Par Hugues PIOLET, membre du CESN2607
Les “gouttières de travertin” ou “rigoles suspendues” sont des phénomènes géologiques très rares en Europe. Des curiosités naturelles peu connues et pourtant spectaculaires. Il existe très peu d’études à leur sujet, et très peu de mentions sur Internet. De quoi s’agit-il? De gouttières naturelles de plusieurs mètres de longueur, formées le long de certains ruisseaux par l’accumulation du tuf calcaire. Ces gouttières dépassent parfois plusieurs mètres de hauteur et ressemblent à de petits aqueducs ! (vidéo)
Le CESN vous propose une carte interactive qui vous permettra d’aller les découvrir par vous-même, après avoir lu l’article qui suit.
Une étonnante découverte en Ardèche
Il y a quelque temps, je me suis promené autour d’Aubignas, en Ardèche. C’est un vieux village pittoresque, perché à 345 m d’altitude sur le flanc sud du plateau du Coiron. On peut y voir les vestiges d’une carrière de basalte exploitée entre 1929 et 1936. Cette zone offre de nombreux sites d’intérêt géologique, en particulier ceux qui sont liés au volcanisme du Coiron : orgues basaltiques, tufs volcaniques, necks, etc.
Pour en revenir à Aubignas, je déambulais sur la rue des Roures, au lieu-dit Liotard, quand j’ai aperçu une sorte de gros serpent coloré qui semblait ramper le long du talus. Recouvert de mousse, ce serpent minéral était parcouru sur toute sa longueur par une rigole étroite de 2 ou 3 cm, où s’écoulait un filet d’eau (voir photo ci-dessous).

Ainsi se présente un phénomène géologique rare, assez rare pour qu’on peine à en trouver la description et même… le nom. Je n’en ai repéré que deux autres exemples dans notre pays : près de la source des Fontinettes, à Baslieux-lès-Fismes (Marne), et au Plan de Phazy, à Risoul (Hautes-Alpes), où deux sources ont formé chacune leur propre rigole.

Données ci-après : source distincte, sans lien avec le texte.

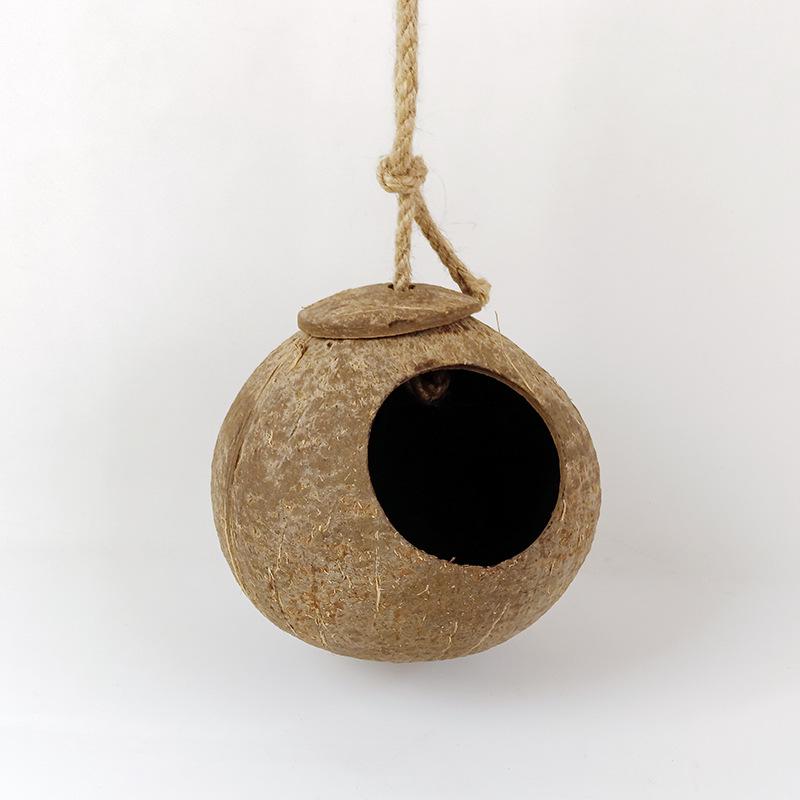 Coconut Shell Hanging Bird Nest for Parrots, Finch, Budgie, and Pearl Breeding.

Comment nommer ce phénomène ?
Pour plus de clarté, appelons ces rigoles naturelles « gouttières de travertin », en s’inspirant des termes allemands Steierne Rinne (gouttière de pierre) ou Tufrinne (gouttière de tuf). Bien que « tuf » et « travertin » soient parfois synonymes, il est préférable d’utiliser le mot « travertin » ici, afin d’éviter toute confusion avec le tuf volcanique, d’une nature très différente.
Les géologues français emploient également le terme de rigole suspendue, tandis qu’en anglais, on parle de self-built channel (canal autoconstruit) ou de travertine channel (canal de travertin).
En espagnol, on trouve canal de travertino, ou acequia natural (canal d’irrigation naturel) ou aqueducto natural (aqueduc naturel).
Dans la vallée de Tehuacán (Mexique), on parle de tecoatl (littéralement, « serpent de pierre »), un mot emprunté aux Aztèques pour désigner d’anciens canaux d’irrigation, métamorphosés par le travertin.
La formation des gouttières de travertin
Tout commence par l’écoulement de l’eau dans un petit vallon naturel ou dans un canal d’irrigation bordé de levées de terre. Si cette eau est fortement chargée en calcaire, un dépôt minéral — le travertin — peut alors se former progressivement dans le lit du cours d’eau et sur ses berges, à raison d’environ un centimètre par an. En quelques décennies, la gouttière peut ainsi s’élever de plusieurs mètres, se muant en véritable aqueduc naturel.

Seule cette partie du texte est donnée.